Variable | Definition | Derived Variable (i.e. Feature) |
---|---|---|
org_silo (E) | The number of a pair of developer file changes within a time period which at least one developer is not subscribed to the mailing list | No change to variable name |
missing_links (F) | The number of a pair of developer file changes within a time period which the pair of developers do not reply to the same e-mail thread in the mailing list. | Renamed “mis_link” for brevity |
radio_silence (G) | Count of delays due to lack of direct communication between two sub-communities engaged in a CVE’s remediation. | Renamed “silence” for brevity |
primma_donna | (Not yet fully operationalized at the time of our analysis and thus dropped from further consideration.) | Deleted |
st_congruence (H) | Short for “Socio-technical congruence.” A single continuous measure of overall similarity between collaboration graph and the file graph.
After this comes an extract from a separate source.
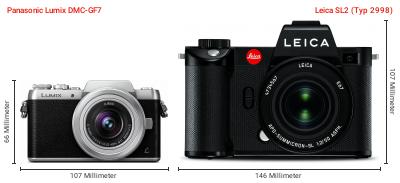 Größenvergleich: Panasonic Lumix DMC-GF7 vs. Leica SL2 (Typ 2998) Größenvergleich: Panasonic Lumix DMC-GF7 vs. Leica SL2 (Typ 2998)
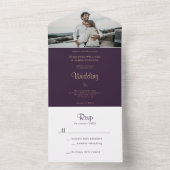 Elegante Dark Paarse Moody Boho bruiloft All In One Uitnodiging (Binnen)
Scale from 0..1 (1 means perfect congruence). | Renamed “congruence” for brevity |
Communicability (I) | A continuous measure of the diffusion of information. How likely is it that an architectural decision is known by the set of developers that need to know about it. Scale from 0..1 (1 means perfect communicability). Is the inverse of incommunicability. | Renamed “communicate” for brevity |
2.3 Work-Rate Variables
Variable | Definition | Derived Variable (i.e. Feature) |
---|---|---|
code_only_devs (J) | Count of developers who made commits to the implicated CVE-related files during the time period. (For the CVE identified in column A.) | Renamed “code_dev” for brevity |
code_files (K) | Count of files involved in CVE’s remediation. | Renamed “file” for brevity |
ml_only_devs (L) | Count of people who sent at least one item to mailing list during time period. Not necessarily on topic. | Renamed “mail_dev” for brevity |
ml_threads (M) | Count of email threads in ML during that time window on any topic. | Renamed “thread” for brevity |
n_commits (N) | Count of commits (there can be multiple commits for multiple files) during time period | Renamed “commit” for brevity |
sum_churn (O) | Count of Lines of Code (LOC) committed to the code file counted in code_files; summed over the commits in n_commits. | Renamed “churn” for brevity |
The results of this initial conversion appear here:
+ openssl_social_smells_timeline..renameVariables.csv
Note that we keep the original filename but append a brief phrase (“…renameVariables”) to indicate what action we just took on the dataset. The original dataset and this name-converted dataset both have 6697 rows.
Also, we assume that all the rows dealing with the same CVE are contiguous to each other and also that for each CVE, rows appear in time period order (for the same CVE).